Illinois officials remind drivers to move over for stopped emergency vehicles

SPRINGFIELD – After 10 Illinois State Police troopers being involved in Scott’s Law-related crashes since the beginning of 2021, officials are reminding drivers the importance to move over for stopped emergency vehicles. Illinois Secretary of State Jesse White emphasized that Scott’s Law is designed to protect law enforcement and emergency responders who are stopped on the side of roadways.

Photo Illinois State Police

“I am issuing a call to action,” said White. “Pay attention while driving.

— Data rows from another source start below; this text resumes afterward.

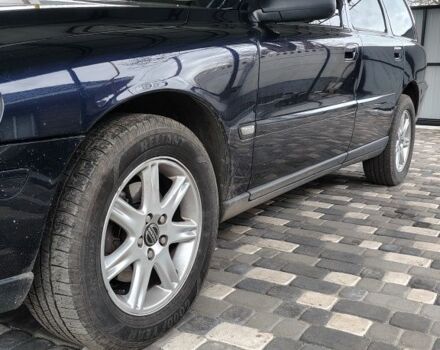 Синій Вольво V70, об'ємом двигуна 2.4 л та пробігом 377 тис. км за 6400 $, фото 3 на Automoto.ua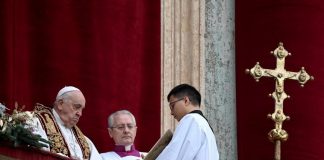 Papa Francesco, appello per Gaza e ostaggi: “Stragi di innocenti, no alle armi”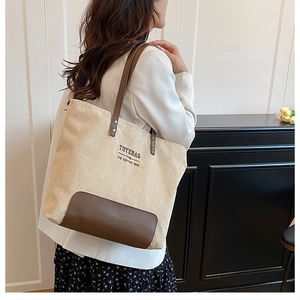 Dettaglio della borsa tote in velluto a coste con base in ecopelle e manici beige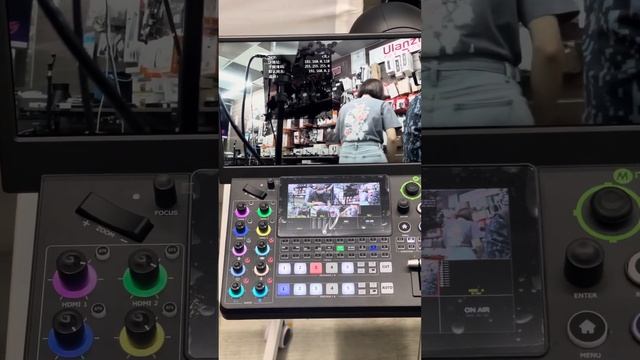RGBlink mini EDGE + UD71DTN PTZ 教學 part 1 смотреть онлайн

If you see a stopped emergency vehicle on the side of the road, reduce speed and change lanes if possible.”

“Scott’s Law is critical to keeping our first responders safe as they heroically serve us on our roadways,” said Governor JB Pritzker. “Especially now, as we continue to experience extreme winter weather, it is imperative that drivers slow down and move over as they approach a vehicle with their hazard lights on. I’m praying for our Illinois State Police troopers who have been injured in the line of duty in recent days and imploring all Illinoisans to drive safely and follow the law.”

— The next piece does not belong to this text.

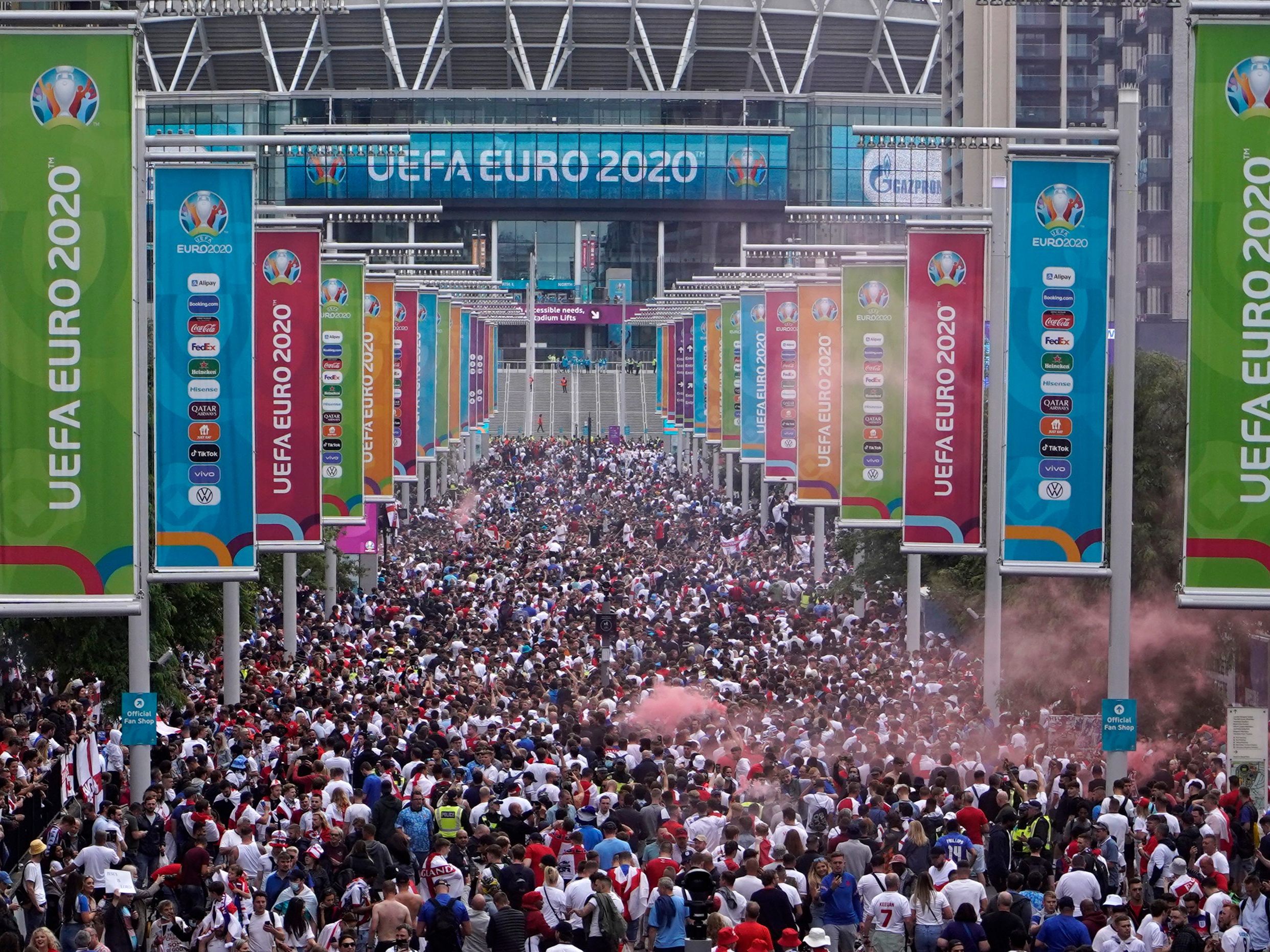 EM-Finale: Äußerer Sicherheitsring vor Wembley-Stadion gestürmt.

Photo Illinois State Police

Motorists convicted of violating the Move Over Law face a minimum fine of $250 up to $10,000, and the offense goes on their driving record. Driving privileges can be suspended for 24 months in the event of a fatality and six months for a crash causing personal injury. Scott’s Law is named after Chicago Fire Lieutenant Scott Gillen who was struck and killed Dec. 23, 2000 while responding to a traffic crash.